The cloud of investigations has battered Rivera’s political standing since he took office in January, representing a congressional district stretching from western Miami-Dade to Collier County.

Rivera, a former state lawmaker, was once a fundraising powerhouse — he raised a record $1 million for a state Senate race he abandoned to run for Congress — but his donations while in Washington have been modest. In the second quarter of this year, Rivera raised just $33,500 — and $10,000 of that was donated by his mother and her business partner. He reported $62,000 in cash in the bank, but almost $152,000 in campaign debts and obligations, records show.

The focus of the federal probe is Rivera’s work on behalf of the Magic City gambling company from 2006 to 2008 — work that Rivera did not publicly disclose.

Lawyers for Magic City have said they sought to hire Rivera in 2006 to manage a political campaign to win voter approval of casino-style slot machines at Miami-Dade pari-mutuels. Voters approved the measure in January 2008.

COMPANY’S ROLE

Instead of hiring Rivera directly, the gambling company signed a contract in October 2006 with Millennium, a company founded one month earlier by Ileana Medina, a property manager at a Doral condominium and a frequent business partner of Rivera’s mother, Daisy Magarino, records show.

When first asked about the contract last year, Rivera said he was “designated” by Millennium to work on the Magic City campaign.

But Martinez told The Herald last year that it was Rivera who first approached the dog track about running the pro-slots campaign, and it was Rivera who suggested that the contract go through Millennium. Dog track officials had no contact with Medina or Magarino during the contract negotiations, Martinez said last year. Rivera signed the 2006 contract with Magic City along with Medina, records show.

Neither Magarino, who now is Millennium’s vice president, nor Medina could be reached for comment.

PAYMENTS

Under the contract, Rivera was to be the “Top Leader of Chain of Command” of all political consultants and strategists involved in the $6.7 million slots campaign. But the payments under the deal, totaling $510,000, all went to Millennium.

In February 2008 — just days after the successful slots referendum — Rivera sponsored a bill in the legislature that would have nullified the referendum and banned slots from Miami-Dade County and other areas.

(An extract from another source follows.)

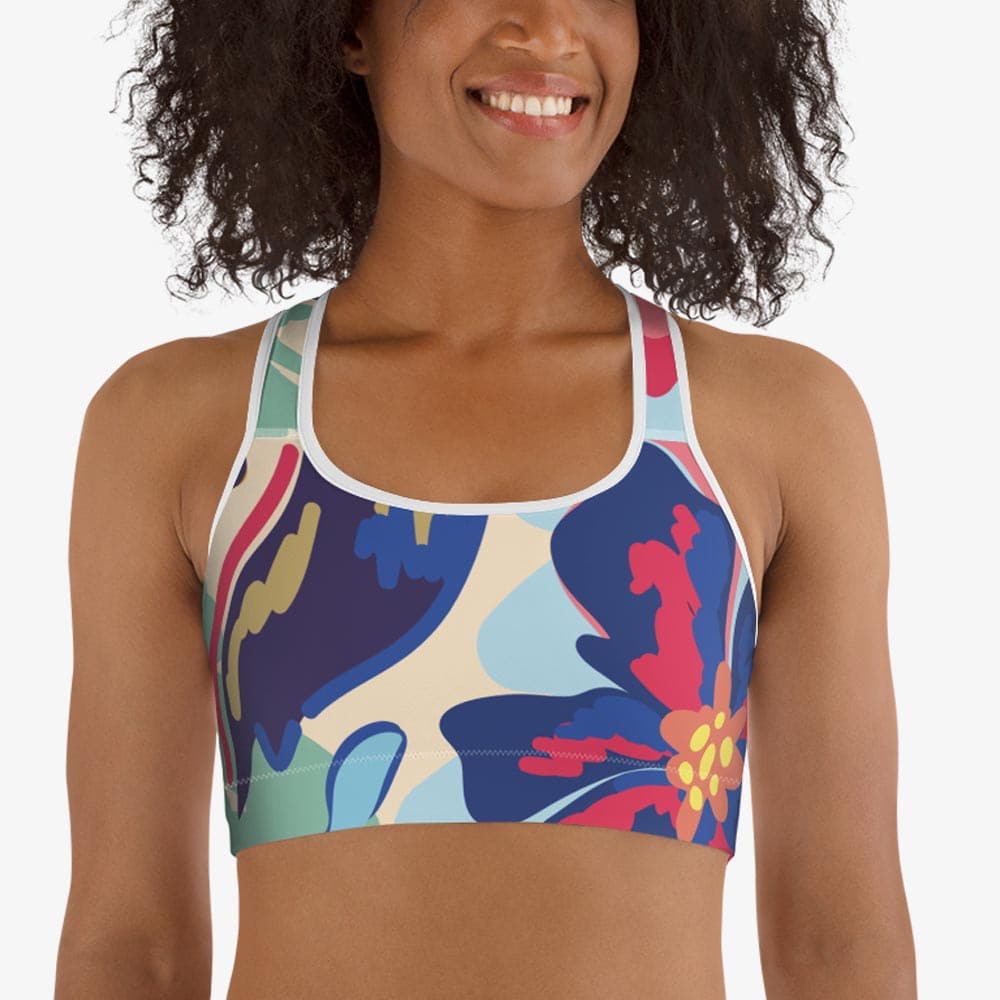 White sports bra with an all-over floral print, front view.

Millennium received $460,000 in fees after Rivera filed that bill, which did not pass.

Martinez said last year that dog track officials were not aware of Rivera’s bill and they never discussed it with him.

The contract also called for an additional $500,000 “success fee” to Millennium if and when slots machines won approval, records show. At the time, however, neither Rivera nor Millennium made a claim for the fee.

But in recent weeks, Millennium’s officers formally requested the $500,000 success fee from the Magic City Casino, according to Herald news partner WFOR/ CBS-4. It is unclear who made the request on behalf of the company.

Rivera initially denied getting paid to work on the slots campaign while in the Legislature and during his campaign for Congress last year. An executive with the company also initially denied hiring Rivera when interviewed by The Herald last year.

But after winning his congressional seat in November — and after the Millennium contract with Magic City came to light — Rivera admitted receiving $132,000 in “loans” from Millennium that he had never previously disclosed. Rivera first acknowledged the money by revising his federal financial disclosure forms just before taking office as a congressman in January.

DISCLOSURE FORMS

Rivera had earlier changed his state legislative disclosure forms, erasing any reference to his work with the U.S. Agency for International Development, after the Miami Herald reported that USAID had no record that he ever worked for the agency.

Rivera has said he was not obliged to report the $132,000 in loans from Millennium on his state financial disclosure forms, though state law requires disclosure of most debts over $1,000.

Rivera also has said he repaid the loans from Millennium, in part by signing over a deed for a condo unit he owned days after he won the election in November.